Dreher is a convert from Catholicism to Eastern Orthodoxy, and he is deeply concerned with the survival of the Christian faith. He believes a time of persecution is coming—indeed, that it is already here—through cancel culture, political correctness, and a growing rush toward collectivism.

In Live not by Lies, he writes about the cultural amnesia that has brought us to this moment, and his message is simple: get ready to resist. Not through insurrection, but through sacrifice. Even if that resistance means being canceled, marginalized, or arrested. Do not capitulate to totalitarianism, political correctness, “wokeism,” or groupthink, because if you do, you will sacrifice your faith. To remain a people of faith, he argues, we need to begin now—to build an underground. This is entirely in keeping with the teaching of Yeshua in Matthew 10, “be innocent as doves, but wise as serpents.”

It’s a great book. So I thought, “Let’s see what else he’s written.” That is when I noticed the title The Benedict Option: A Strategy for Christians in a Post-Christian Nation, a book from 2017—the very title Rabbi Resnik had recommended to me a year and a half earlier.

Rod Dreher’s The Benedict Option argues that we are witnessing the unraveling of Western civilization. Classical liberalism, he suggests, has turned in on itself, and the world as we have known it is rapidly reordering.

Christians in the contemporary United States now live within a culture indifferent (if not openly hostile) to traditional Christian beliefs and moral commitments. Western society has shifted from a broadly Christian moral consensus to a post-Christian reality in which secularism predominates and religious norms no longer shape public life. In this new world, there will be little room for people of faith and religious conviction.

But Dreher has a plan. He reminds the reader, “This isn’t the first time this has happened.” He points us back to the fall of the Christian Roman Empire, when something very similar unfolded. As barbarian invasions overran the Western world, civilization descended into what we now call the Dark Ages.

Yet Christianity—and Western literacy with it—survived, largely due to the monastic example of St. Benedict of Nursia, whose communities helped preserve the Christian faith, learning, and literature amid the collapse of the Roman world.

The monks withdrew from the mainstream and sequestered themselves in small, tight-knit communities dedicated to practicing their faith through prayer, discipline, and learning. They hand-copied the texts: the Scriptures, theological works, and the broader literature of the Western world, preserving far more than they could have known at the time.

In a nutshell, Dreher’s The Benedict Option proposes that modern believers cultivate intentional, countercultural small communities that embody and faithfully transmit the Christian faith.

He advocates that believers build small, robust, localized communities.
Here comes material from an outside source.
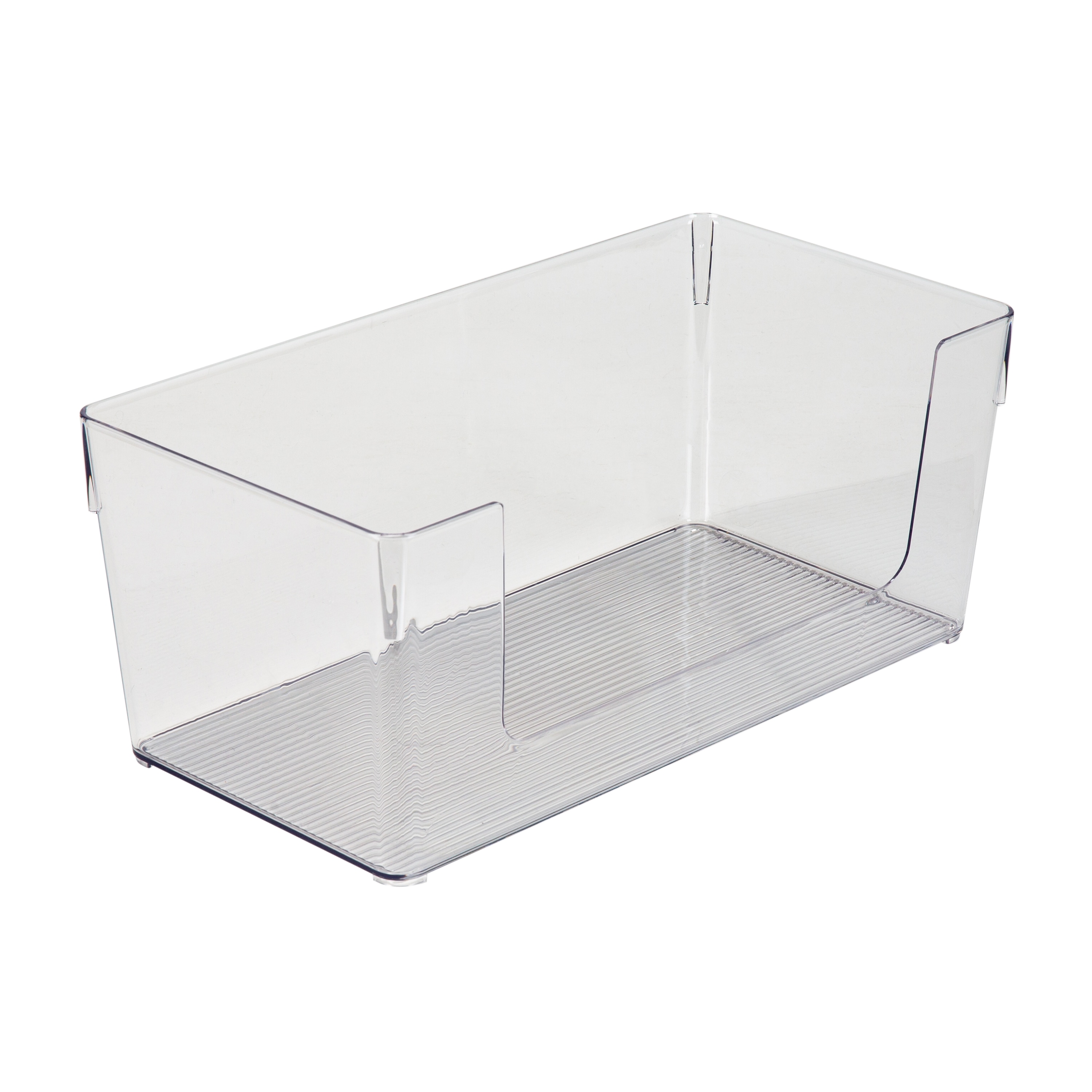 DILIBRA Clear Stackable Storage Drawers Bins, Plastic Storage Organizer  Containers with Pull-out Drawer, Acrylic Storage Box for Kitchen Cabinet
Neighborhood-based communities of faith rooted in liturgical prayer, ancient religious traditions, and mutual accountability that are capable of sustaining faith and preserving religious identity amid cultural pressure, secularism, and, ultimately, social collapse. He argues that, if we are to survive, we must form intentionally countercultural communities or risk losing all of our children to assimilation. In Dreher’s assessment, evangelicalism and seeker-sensitive churches are utterly incapable of meeting this challenge.

Dreher wants to see Christian communities that practice traditions handed down from earlier generations. Such traditions often make little sense except as acts of discipline. This is simply what we do here. And we do it because discipline forms us.
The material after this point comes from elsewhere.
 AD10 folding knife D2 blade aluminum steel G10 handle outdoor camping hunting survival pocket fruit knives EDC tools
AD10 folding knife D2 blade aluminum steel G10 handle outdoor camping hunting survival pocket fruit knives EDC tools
He wants to see Christian communities that prioritize liturgical prayer over emotionalism and pop-culture worship music, because liturgy creates a legacy that is enduring, reinforcing, and unifying.

He wants to see Christian communities that teach their children about heroes of the faith—scholars and inspirational figures from previous generations—the kind of formation he observed modeled so effectively in Orthodox Jewish communities.

And he wants to see these communities develop at the neighborhood level, with real human interconnectedness—strengthening families, cultivating deep local involvement, and establishing separate schools and special educational initiatives. That means pulling out of public schools shaped by progressive sexual values and agendas, replacing them with schools that are robust in religious and classical education—schools that teach literacy, Scripture, and disciplined thinking. He also emphasizes breaking with a culture of immodesty by unashamedly dressing differently than the surrounding world.

It quickly became clear to me what Rabbi Resnik meant when he said that Beth Immanuel Messianic Synagogue reminded him of a Benedict Option community. As he makes his case, Dreher repeatedly points to the Orthodox Jewish community as the model of what this kind of life looks like when it is actually lived in the modern world.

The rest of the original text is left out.